New report finds police officers abuse databases to look up women, neighbors, celebrities
Police officers have easy access to law enforcement databases filled with confidential information, the kind that won't turn up in a simple Google search: criminal records, driving histories, home addresses, even a person's Social Security numbers and eye color.
The databases are meant as tools to assist in police work, but an unsettling new report from the Associated Press found that officers abuse those databases to learn about and even harass neighbors, journalists, politicians, romantic partners and more.

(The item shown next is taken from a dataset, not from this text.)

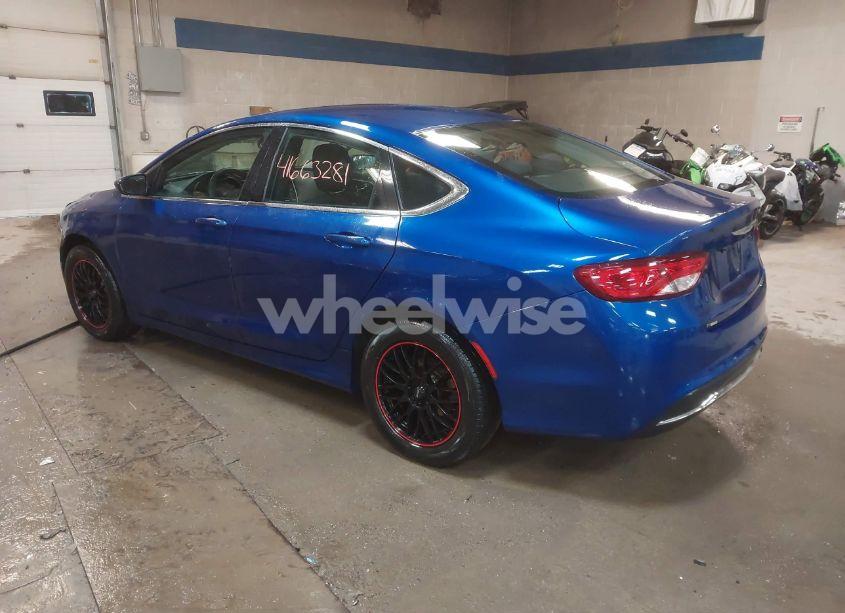 Photo 3 of 2015 Chrysler 200 LIMITED (VIN 1C3CCCAB7FN593507)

In one case, an Ohio officer used a confidential database to look up information about an ex-girlfriend; the officer later pled guilty to stalking her.
There's no official record accounting for abuse of these databases by officers nationwide, but the AP report found 325 cases of law enforcement officers and employees who were fired, suspended or resigned over issues regarding misusing databases between 2013 and 2015, and more than 250 cases of officers and employees receiving reprimands over similar abuses.
Because millions of searches are run through databases each day, and so many abuses likely go unnoticed, according to the AP, the report's numbers are "unquestionably an undercount."
"If we know the officers in a particular agency have made 10,000 queries in a month, we just have no way to [know] they were for an inappropriate reason unless there's some consequence where someone might complain to us," Carol Gibbs, a database administrator with the Illinois State Police, told the AP.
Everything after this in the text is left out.